Cette "réforme des retraites" est un tissu de mensonges et une supercherie.

samedi 14 décembre 2019.
 

Interview de Jean-Jacques Chavigné d’Amiens, spécialiste des retraites, par le Courrier Picard. Il décrypte quelques-uns des aspects de la réforme.

Picardie - Syndicaliste, militant politique, Jean-Jacques Chavigné s’intéresse de longue date à la question des retraites. Il a coécrit plusieurs ouvrages sur le sujet avec Gérard Filoche. Retour sur une réforme contestée.

Un système plus universel, plus simple, plus juste... Le gouvernement et Jean-Paul Delevoye ont déployé de gros efforts pour tenter de "vendre" leur réforme des retraites. En jouant notamment sur une corde sensible, celle de l’ "égalité" entre les salariés.

Jean-Jacques Chavigné, le gouvernement affirme que le nouveau système de retraite à points sera plus juste, plus solidaire, plus lisible. Dis comme ça, difficile d’être contre…

Évidemment… Le problème, c’est que ce slogan, comme le rapport de M. Delevoye sur lequel repose cette réforme, est un tissu de mensonges et une supercherie. Il affirme notamment que les carrières à trous seront mieux prises en compte. On voit mal comment en faisant reposer le calcul du salaire de référence sur 43 années, et donc l’ensemble d’une carrière, on aurait au bout du compte un calcul plus avantageux que celui qui repose actuellement sur les 25 meilleures années. La communication gouvernementale s’appuie sur quelques exemples anecdotiques, de personnes au parcours singulier, qui ici et là gagneraient davantage, alors que l’impact sur les retraites d’une immense majorité de salariés promet d’être calamiteux.

Il maintient pourtant que les femmes notamment, seront mieux traitées…

Le vrai problème de la retraite des femmes, c’est le montant de leur salaire au cours de leur carrière. Là, on nous vend notamment le fait qu’il y aura une gratification de 5 % dès le 1er enfant. Mais on oublie de dire que parallèlement, on fera disparaître la bonification de huit trimestres par enfant dans le privé, quatre trimestres par enfant dans le public. Ce qu’on donne d’une main on le reprend largement de l’autre.

Quand même, les régimes spéciaux, c’est une aberration, non ?

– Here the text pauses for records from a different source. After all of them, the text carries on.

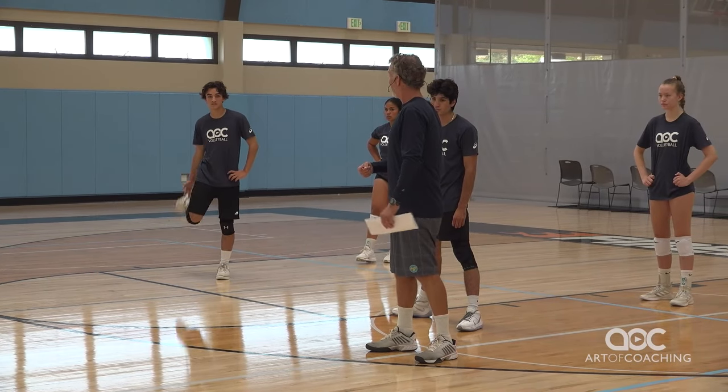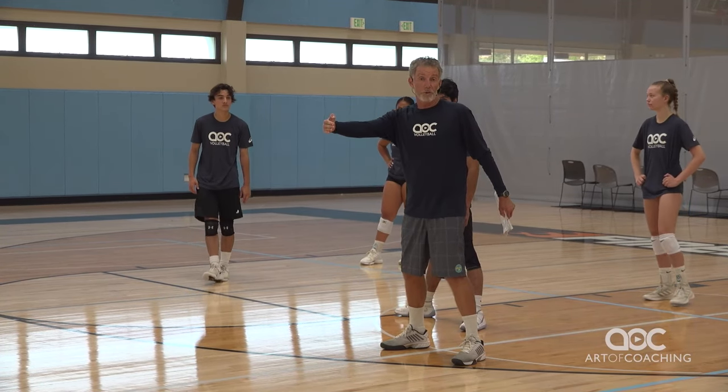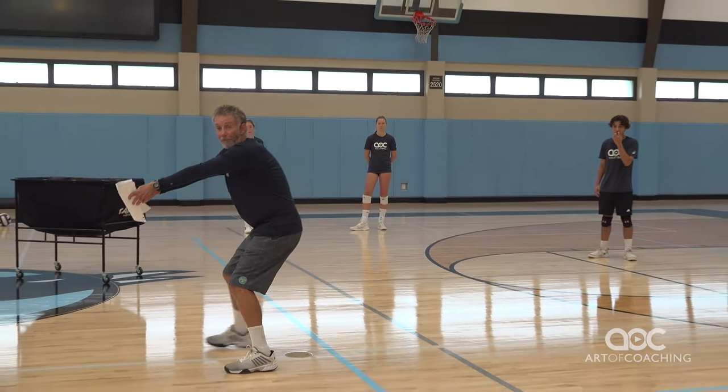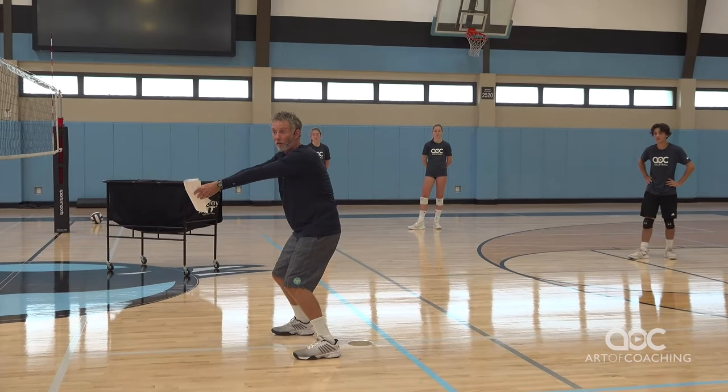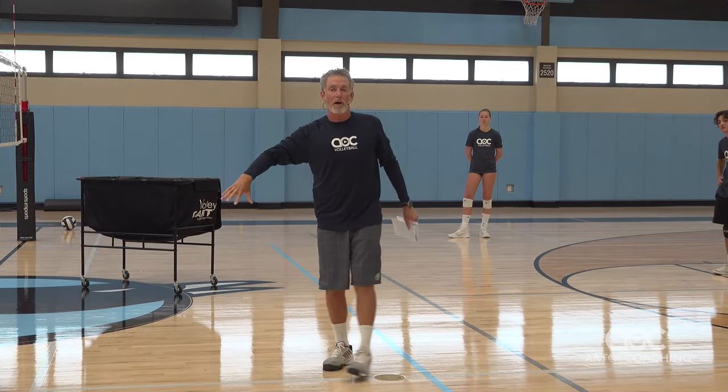All those short serves we just saw — if I'm deep and I have short serve responsibility, I might have to run. Platform now is out tabletop because I don't want the ball to go over the net, and I might use my legs to get that ball up and keep it on my side.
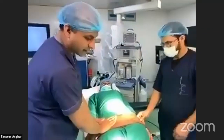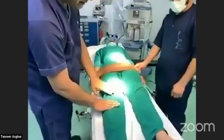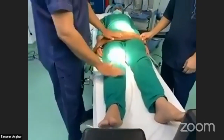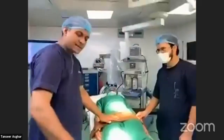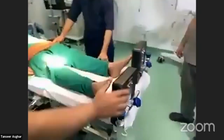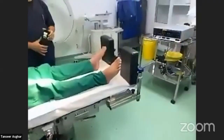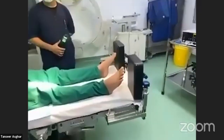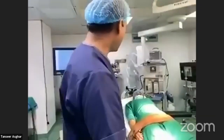The belt can also be tied just two inches below the knees. Here you can see the padded foot support, which is very important when performing a reverse Trendelenburg procedure such as bariatric surgery.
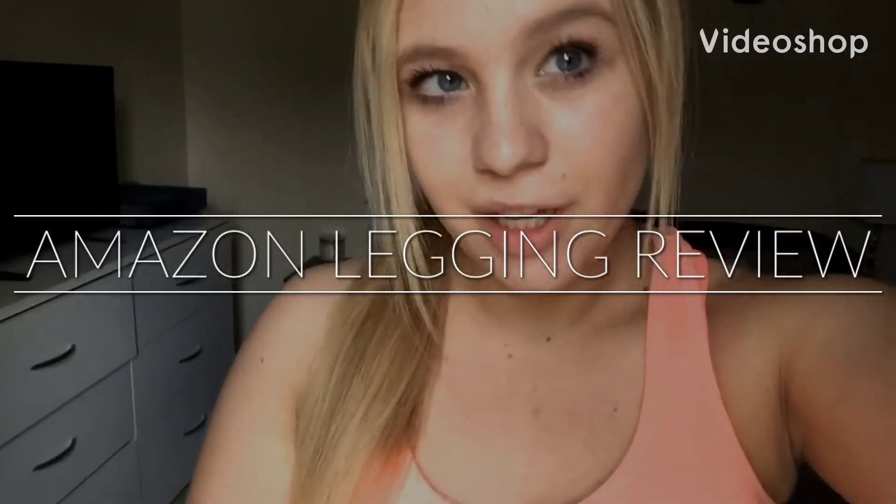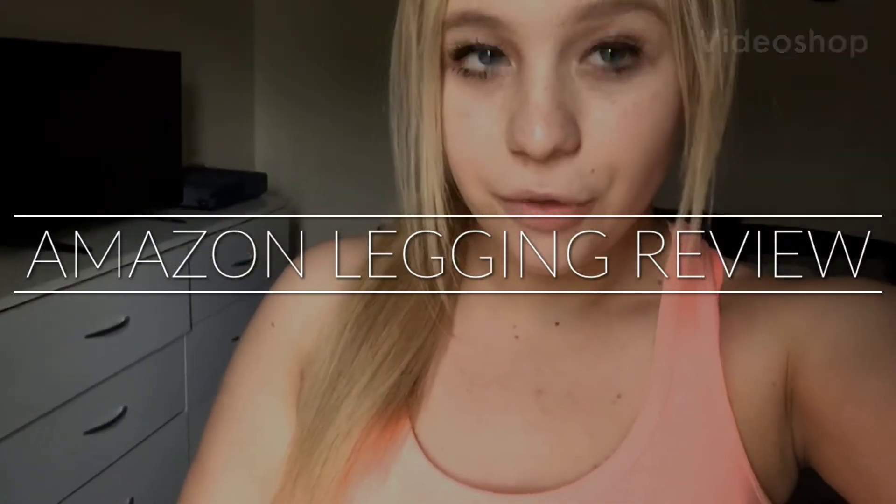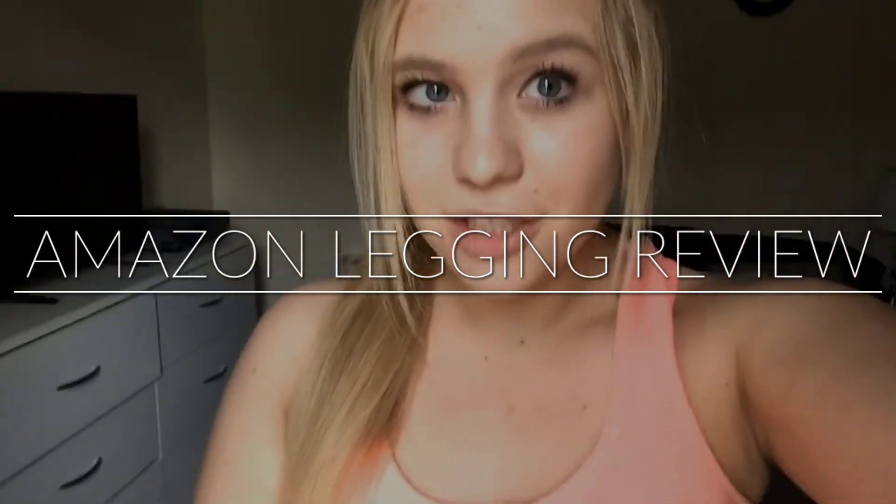Hey guys, today I'm going to be doing a try-on review of some Amazon leggings I just got. I figured since I got them, I might as well try them on and see how I like them — a first impression video to see if they're actually suitable to work out in or not. I hope you enjoy and we'll see how this goes.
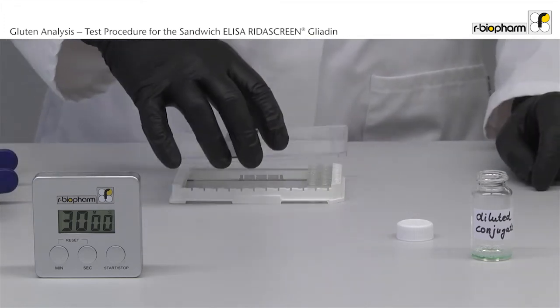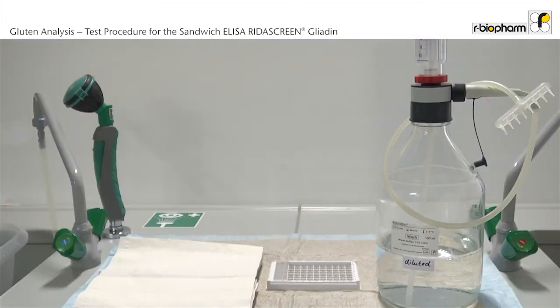Incubate for 30 minutes at room temperature. Put a lid on the plate. After the incubation the plate is washed 3 times.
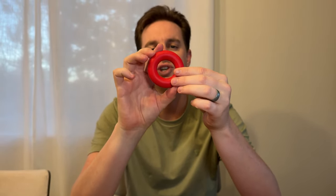This little red donut, which is quite cute. You could just squeeze it like that, and you could probably come up with some other fidget things like moving it around your finger.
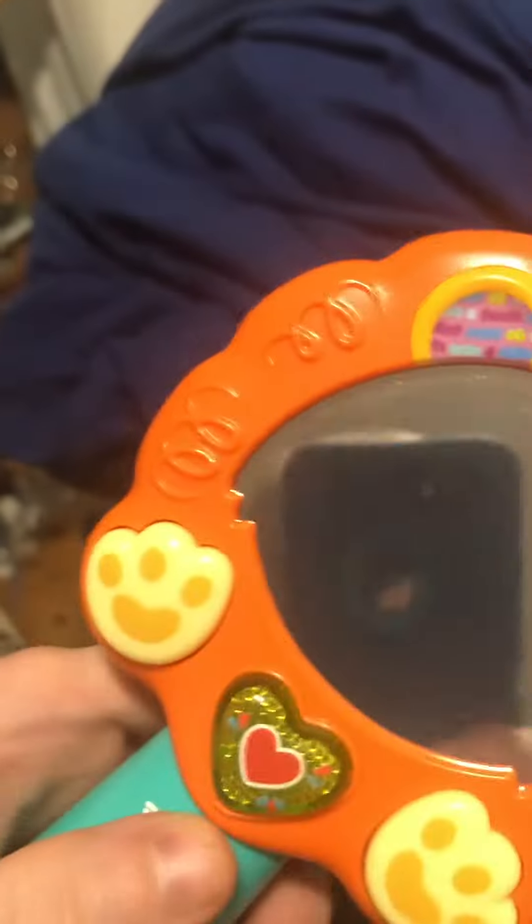DJ battery again from my YouTube channel. This is a few of Sergio's toys. It lights up, has a volume control, and then it's like a regular mirror when you turn it off.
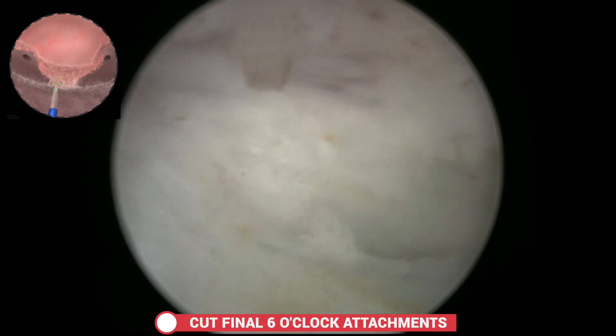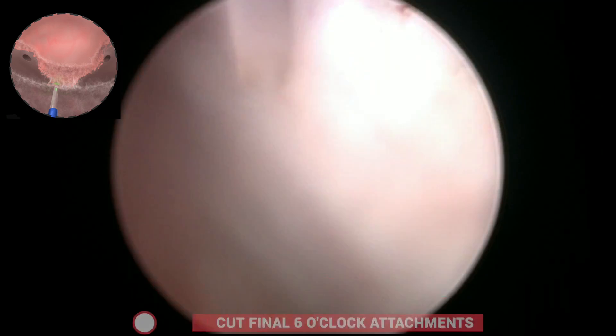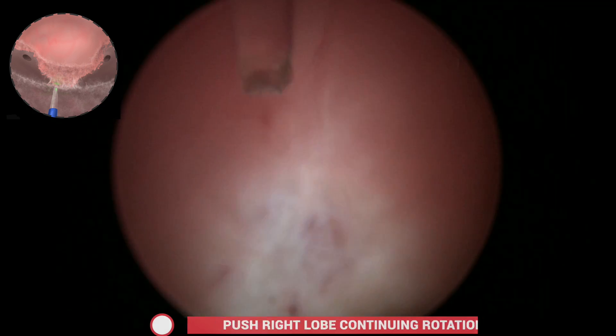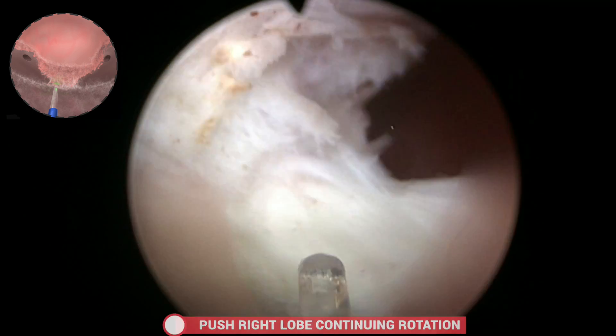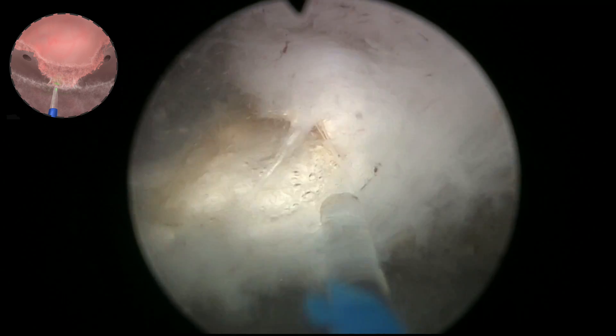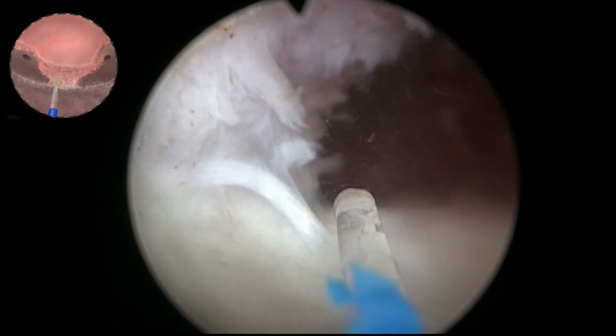Then the adenoma is lifted on the left side and pushed into the bladder, giving better access towards the 6 o'clock region. The pushing continues following the same rotational movement, so the adenoma goes into the bladder rotated rather than front-wise.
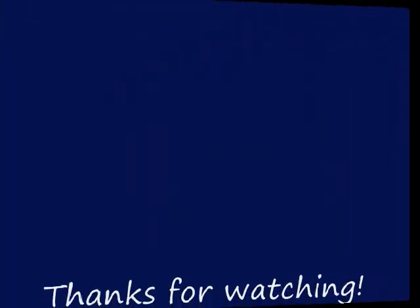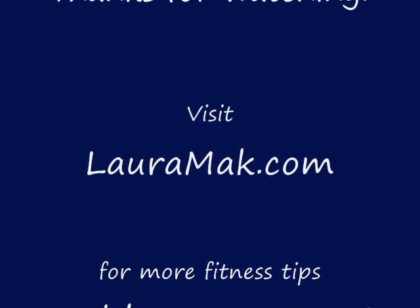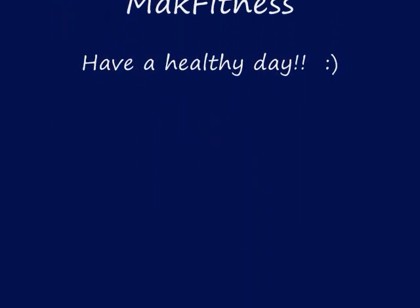Good morning from the Cook Islands. Thank you.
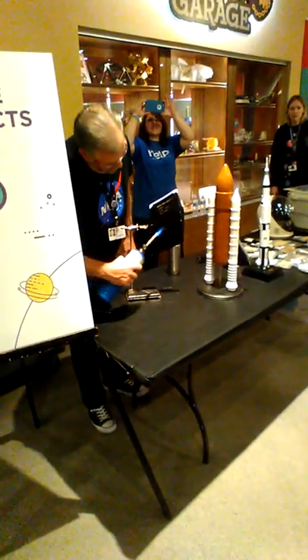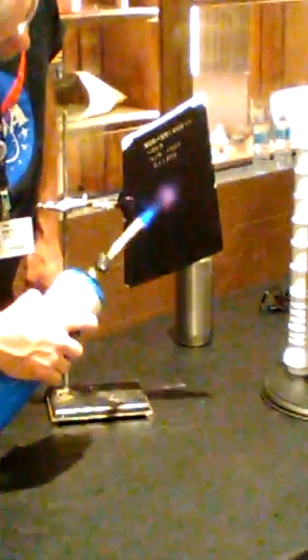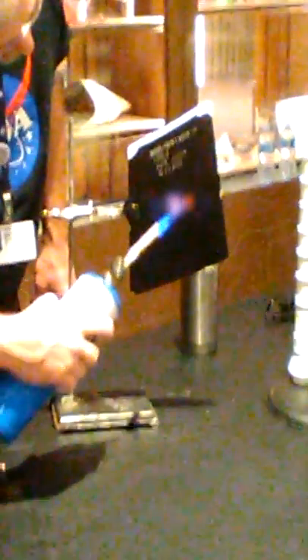Now watch this. I'm going to put it just right here. Watch the spot that I'm putting it on — it's going to start glowing red hot. Yay! How about that? You see it glowing? Yes.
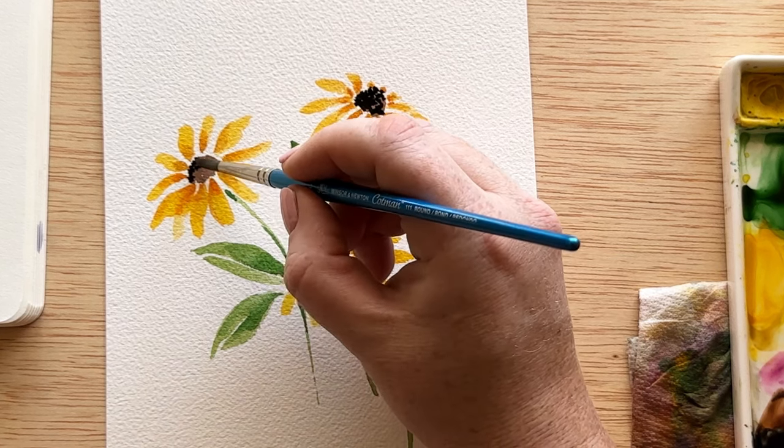And with that, our black-eyed Susans are finished. The only thing left to do is add it to the day six spot on our 30-day watercolor flower guide. I kept it simple with just the plain yellow, and I love the pop of color it adds to the overall guide. Thank you so much for being here today while we painted black-eyed Susans for day six. I will see you tomorrow for day seven. Bye.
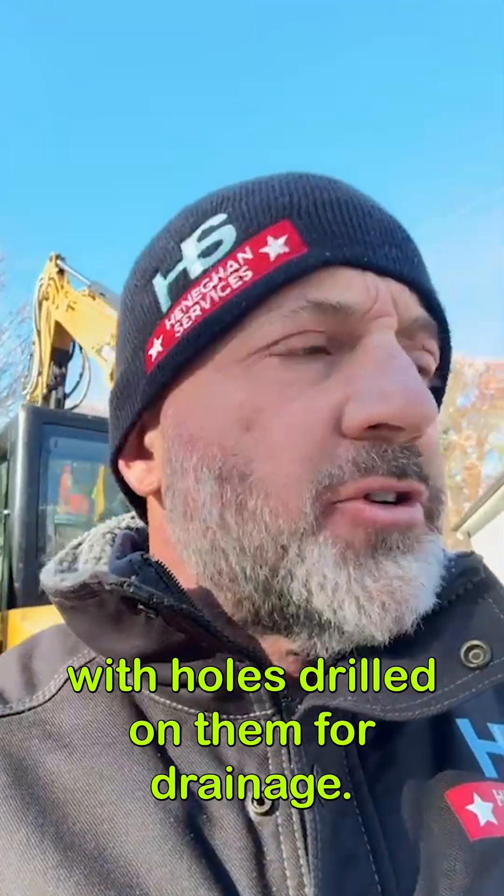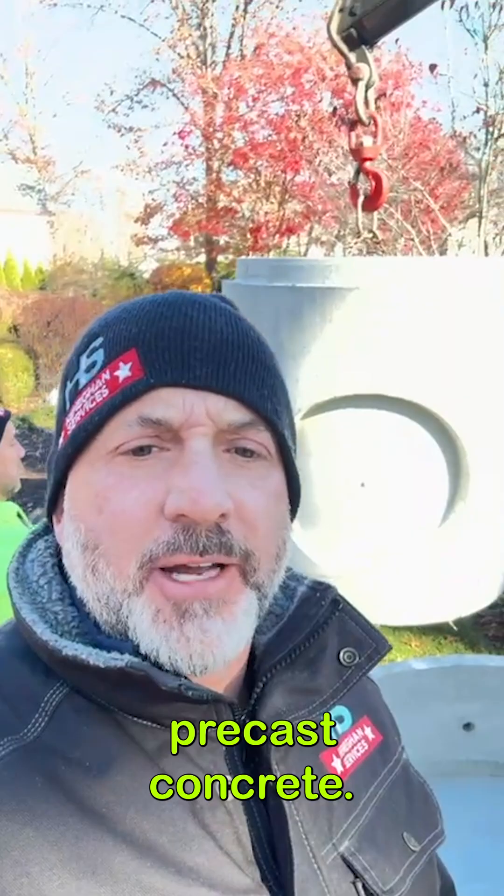Some guys use garbage cans with holes drilled in them for drainage. We like to use precast concrete.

On nous parle toujours des 42 régimes. Je rigole quand je vois ce que sont certains. Le régime spécial du Port autonome de Strasbourg, c’est un peu plus de 200 bénéficiaires ! En réalité, les trois principaux régimes visés, ceux de la SNCF, de la RATP et d’EDF, représentent à eux trois 327 000 personnes, sur un total de 29,6 millions de salariés ! Et c’est au nom de ces régimes spéciaux qu’on va réformer la retraite de tous ?! Je rappelle par ailleurs que les 3,2 milliards d’euros que l’État verse à ces régimes, visent notamment à rééquilibrer les déséquilibres démographiques au sein de ces régimes, liés à des suppressions massives d’emploi qui sont intervenues à la demande de… l’État. Et puis, au nom de quoi les différents régimes devraient tous s’autoéquilibrer ? Que deviendrait celui des agriculteurs, des mineurs, des artisans ? C’est cela la solidarité ?

En résumé, et si on vous écoute, il n’est pas vraiment question de justice sociale ici ?

Je ne le pense pas, non. Tous les salariés vont y perdre. Une de plus gros mensonges, je crois le pire de tous, consiste à dire aux gens : « Vous aurez le choix de travailler plus longtemps pour gagner davantage en retraite » . Or 60 % des gens ne sont plus au travail quand ils prennent leur retraite. Ils sont soit au chômage, soit malades, soit en invalidité, soit au RSA. Et on sait que les meilleures années sont celles entre 60 et 65 ans. À partir de 64 ans, les problèmes de santé se multiplient.

S’il n’y a vraiment rien de bon, qu’est-ce qui, selon vous, se cache derrière cette réforme ?

Les dividendes des actionnaires ! Il y aurait des solutions pour équilibrer les comptes des caisses de retraite, même en revenant à la retraite à 60 ans avec 40 annuités. Lutter efficacement contre la fraude fiscale, augmenter les cotisations en particulier les cotisations patronales. Mais cela réduirait d’autant la part disponible pour rémunérer les actionnaires. Et puis, il y a cette masse d’argent disponible qui échappe pour l’instant aux fonds de pensions. Quand les gens verront ce qu’ils toucheront avec la retraite à points – sachant qu’il n’y a aucune garantie sur la valeur du point – il ne leur restera plus qu’à opter en complément pour une retraite par capitalisation. Et ça aiguise de très gros appétits dans le monde de la banque et de l’assurance. Les autres, ceux qui ne pourront pas payer, devront se contenter du strict minimum.